Solution: Given,  (x + 2)³ = 2x(x² – 1)
By using the formula for (a+b)³ = a³+b³+3ab(a+b)
⇒  x³ + 8 + x² + 12x = 2x³ – 2x
⇒ x³ + 14x – 6x² – 8 = 0
Since the above equation is not in the form of ax² + bx + c = 0.
Therefore, the given equation is not a quadratic equation.

(viii) x³ – 4x² – x + 1 = (x – 2)³

Solution: Given,  x³ – 4x² – x + 1 = (x – 2)³
By using the formula for  (a-b)³ = a³-b³-3ab(a-b)
⇒ x³ – 4x² – x + 1 = x³ – 8 – 6x²  + 12x
⇒ 2x² – 13x + 9 = 0
Since the above equation is in the form of ax² + bx + c = 0.
Therefore, the given equation is quadratic equation.
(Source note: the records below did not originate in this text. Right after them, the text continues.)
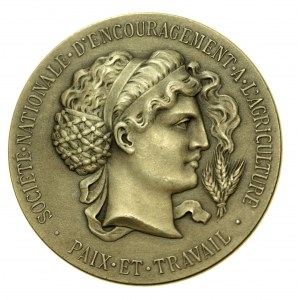 France, Third Republic, agricultural medal, silver (560)
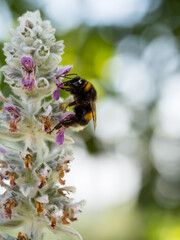 Close of on a Bumblebee collection pollen from an ear lamb plant
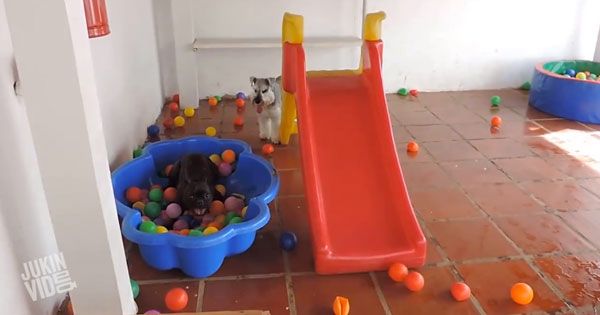 dog ball pit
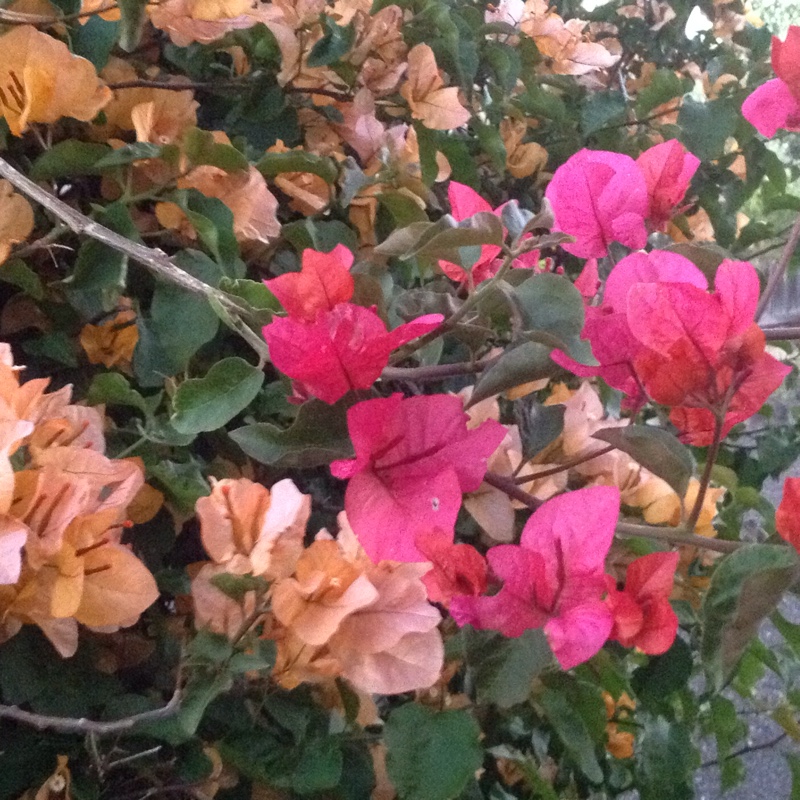 plant image 58003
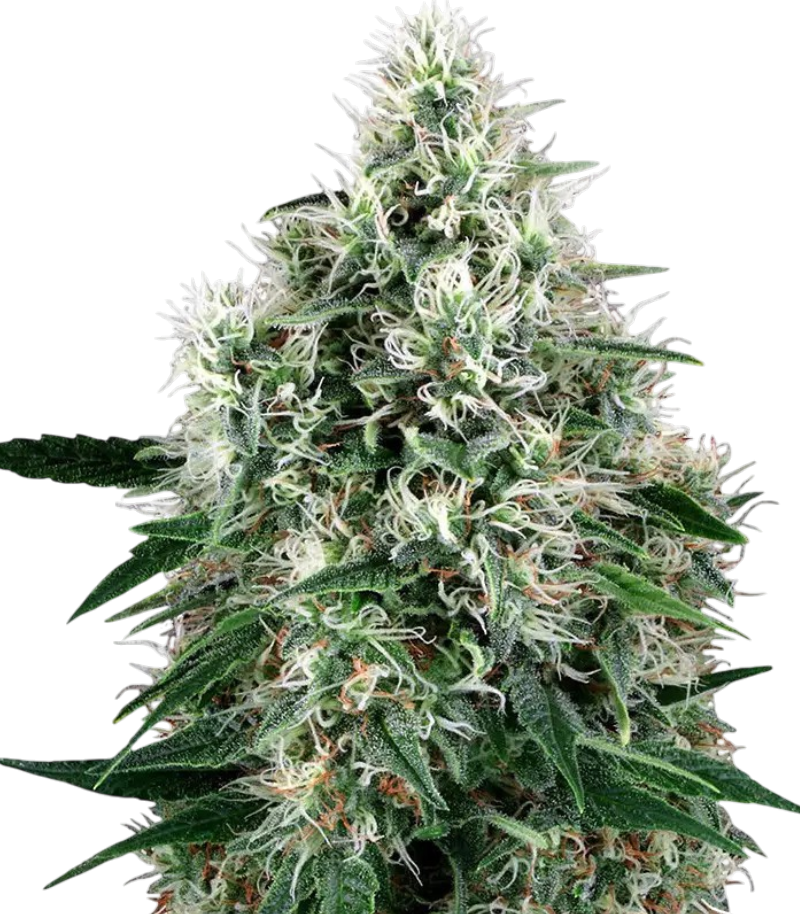 Fire OG cannabis Fire OG cannabis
2. Represent the following situations in the form of quadratic equations:

(i) The area of a rectangular plot is 528 m2. The length of the plot (in metros) is one more than twice its breadth. We need to find the length and breadth of the plot.

Solution: Let us consider,
Breadth of the rectangular plot = x m
Thus, the length of the plot = (2x + 1) m.
As we know,
Area of rectangle = length × breadth = 528 m²
Putting the value of length and breadth of the plot in the formula, we get,
(2x + 1) × x = 528
⇒ 2x² + x =528
⇒ 2x² + x – 528 = 0
Therefore, the length and breadth of plot, satisfies the quadratic equation, 2x² + x – 528 = 0, which is the required representation of the problem mathematically.

(ii) The product of two consecutive positive integers is 306. We need to find the integers.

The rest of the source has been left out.